* ACTIVITY
Starting at the line that holds "Ребенок 5 лет скрипит зубами", restate every line word for word up to and including the last one in the listing below, and omit all pictures.

* EXTRACTED ENTRIES
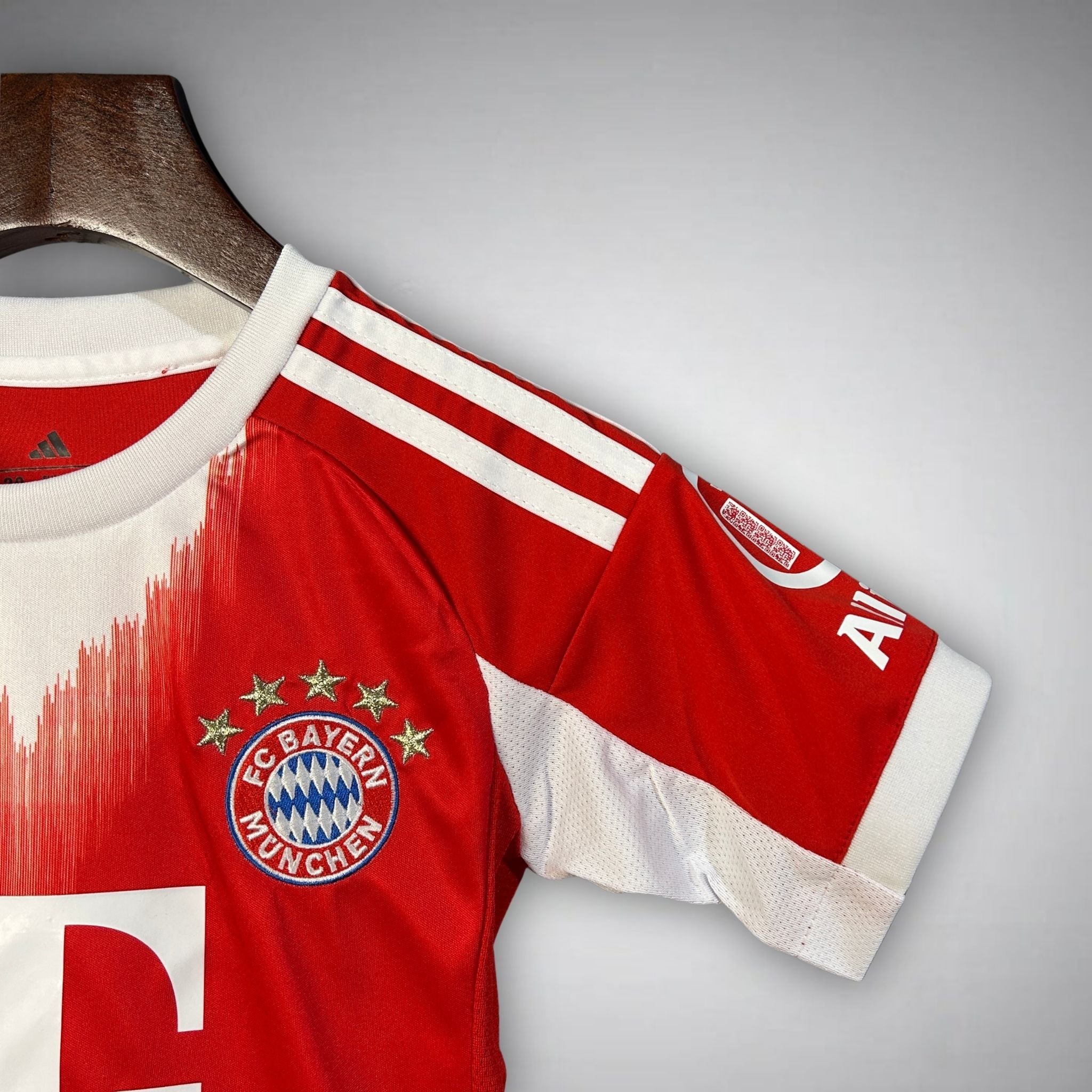 Camisola Infantil FC BAYERN MUNIQUE 2025/2026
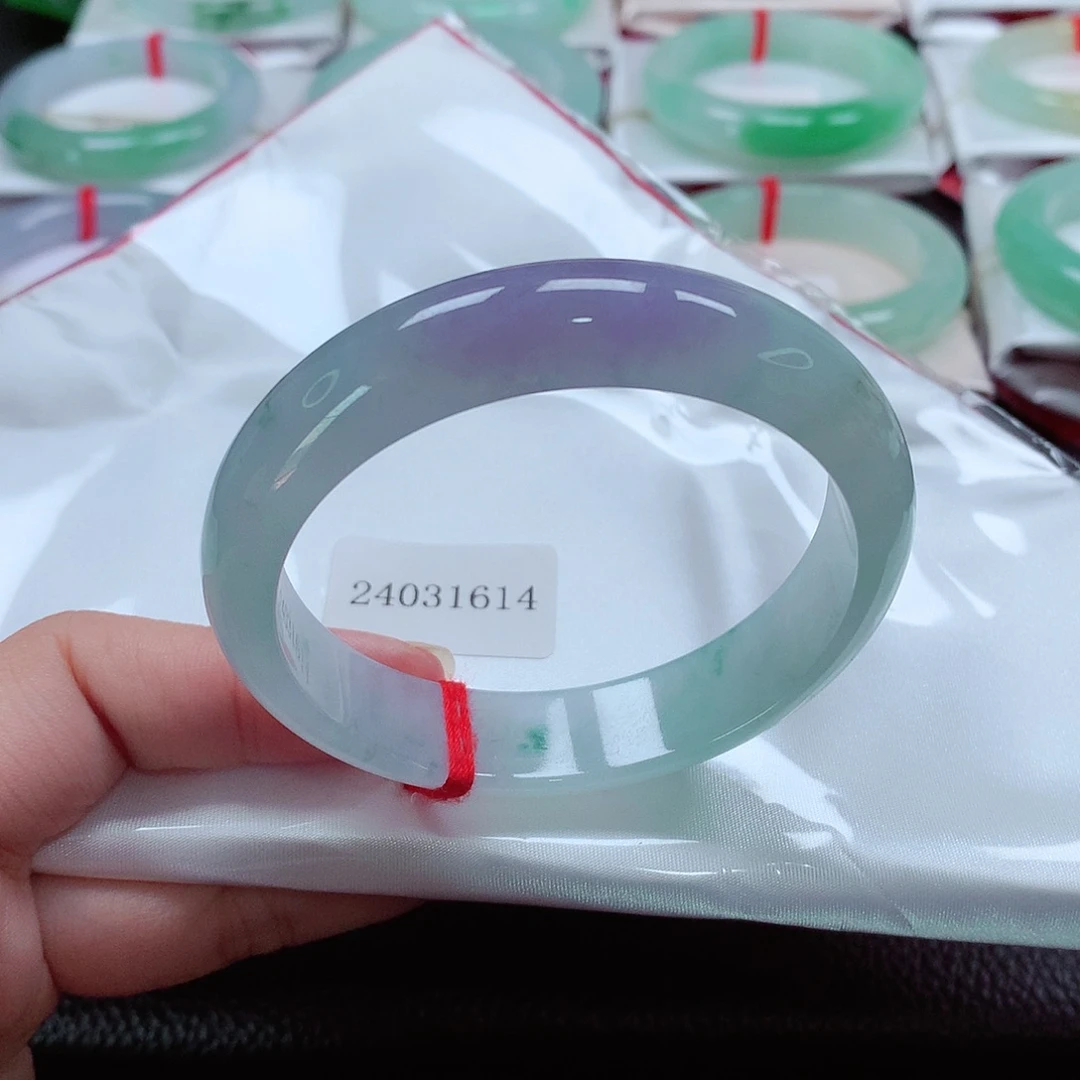 翡翠手镯未镶嵌天然A货翡翠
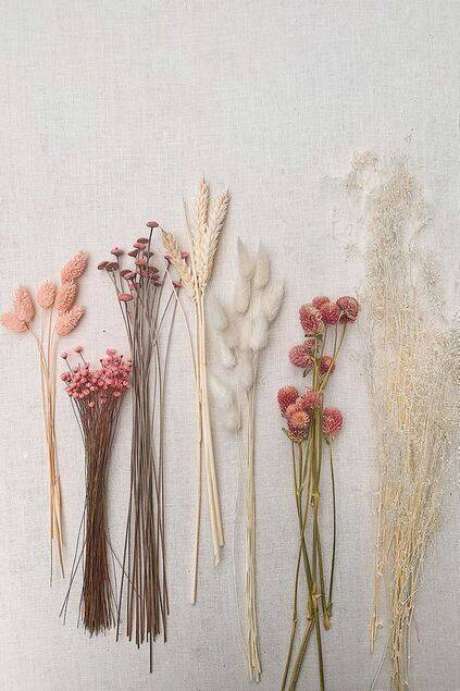 45. As flores secas usadas de forma solta é uma alternativa linda. Foto: Honest 45. As flores secas usadas de forma solta é uma alternativa linda. Foto: Honest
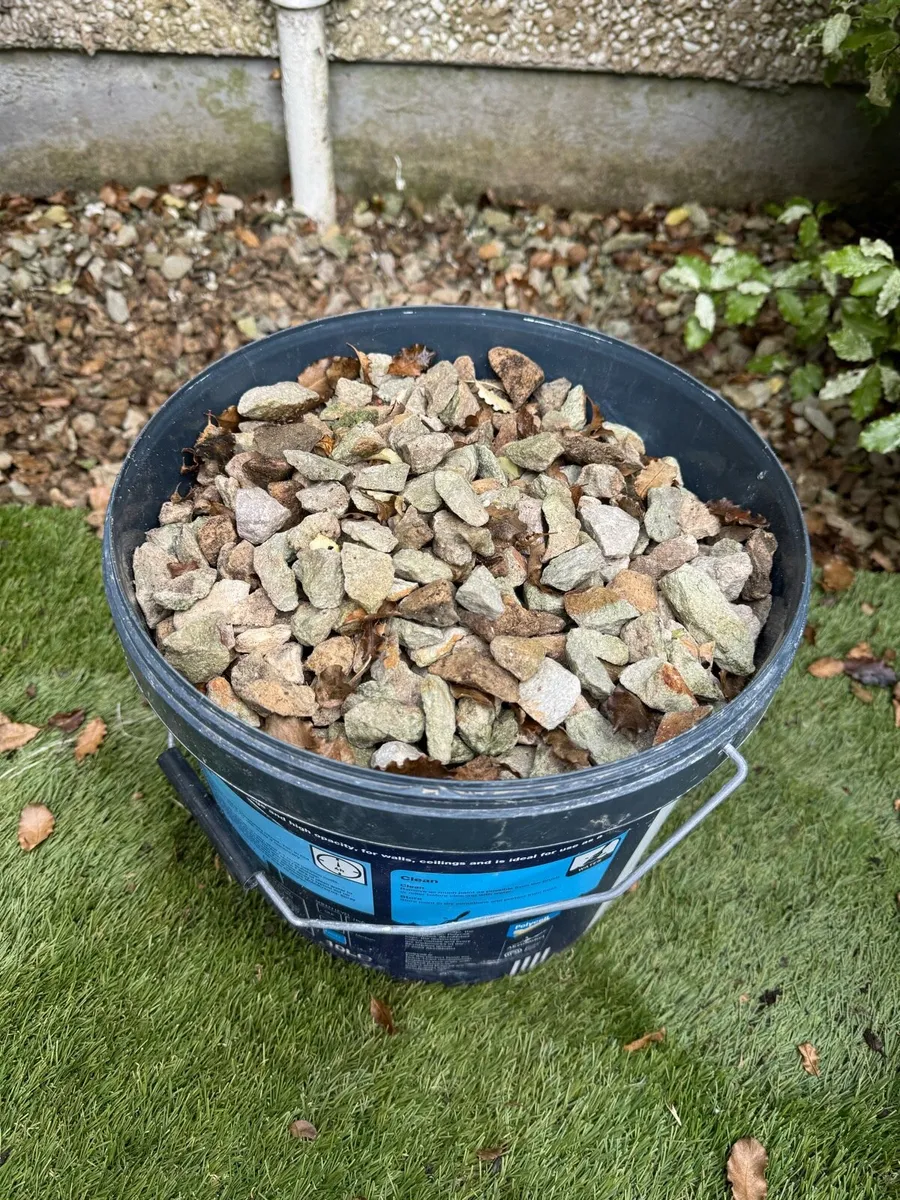 Buckets of decorative peddle stones - Image 1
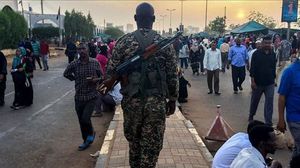 عنصر من الجيش السوداني وسط المتظاهرين في الخرطوم- الأناضول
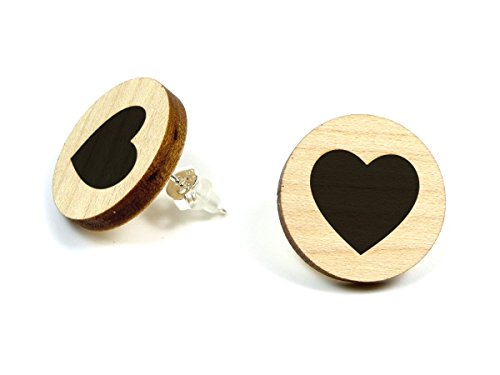 NaturSchatulle Holzohrringe Gravur Herz I Holzschmuck Holz Ohrringe 925 Sterling Silber natürliche Ohrschmuck Ohrstecker Damen Ahorn von NaturSchatulle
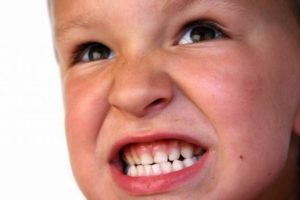Ребенок 5 лет скрипит зубами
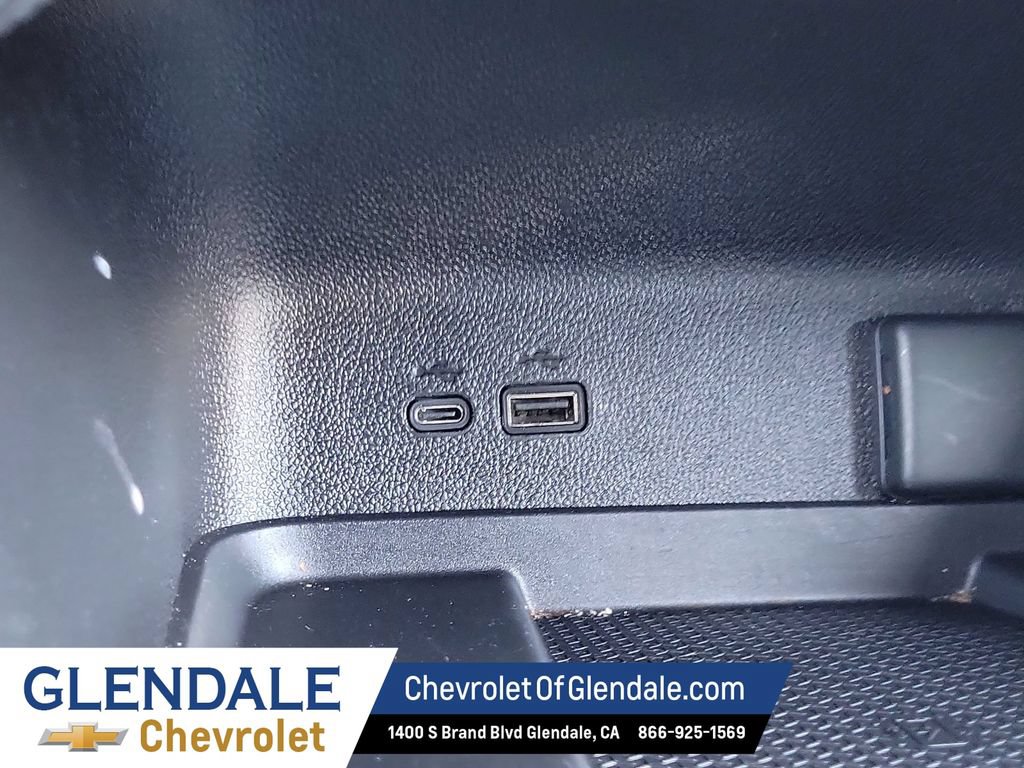 Certified 2025 Chevrolet Traverse LT FWD image 29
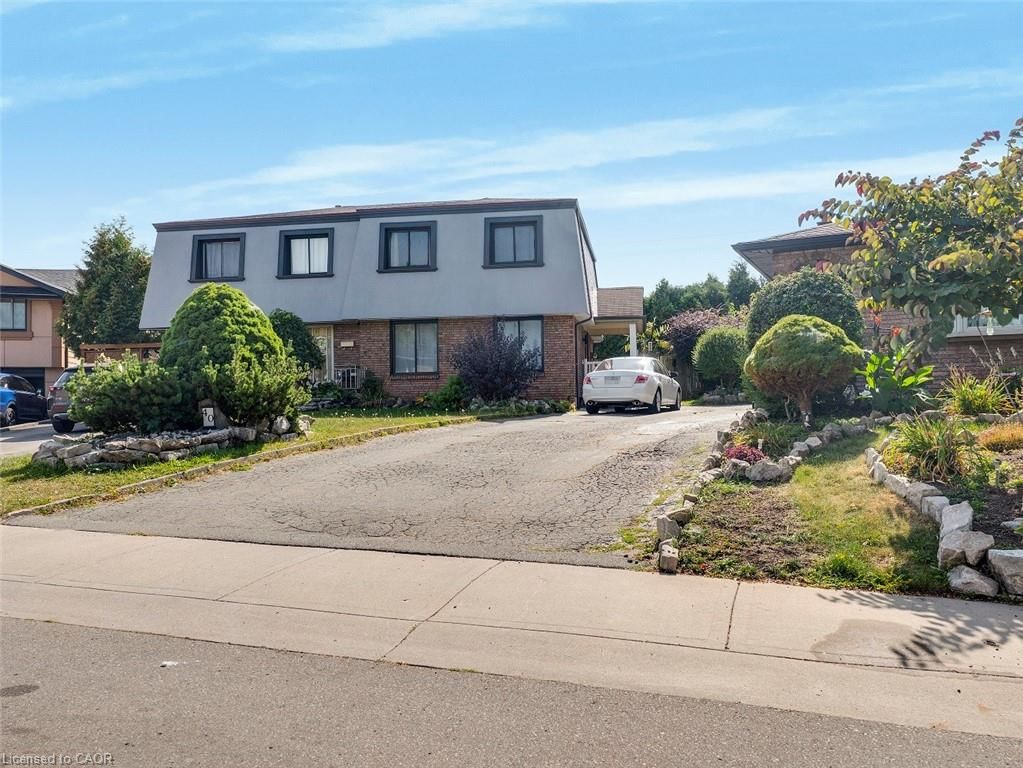 Single Family Residence for sale at 40 Yeoville Court, Hamilton, ON, L9C 5W3 - Rolston/Yeoville - MLS: 40820791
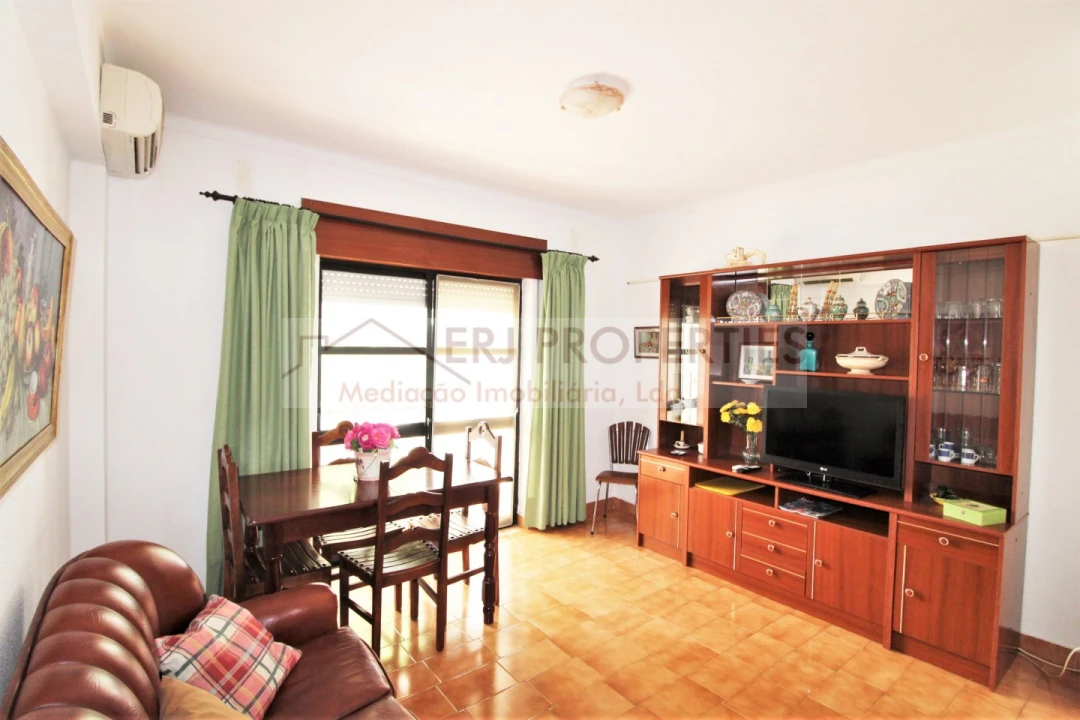 Apartamento T1 para Arrendamento em Altura Foto 3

* RESPONSE BELOW
Ребенок 5 лет скрипит зубами
 Certified 2025 Chevrolet Traverse LT FWD image 29
 Single Family Residence for sale at 40 Yeoville Court, Hamilton, ON, L9C 5W3 - Rolston/Yeoville - MLS: 40820791
 Apartamento T1 para Arrendamento em Altura Foto 3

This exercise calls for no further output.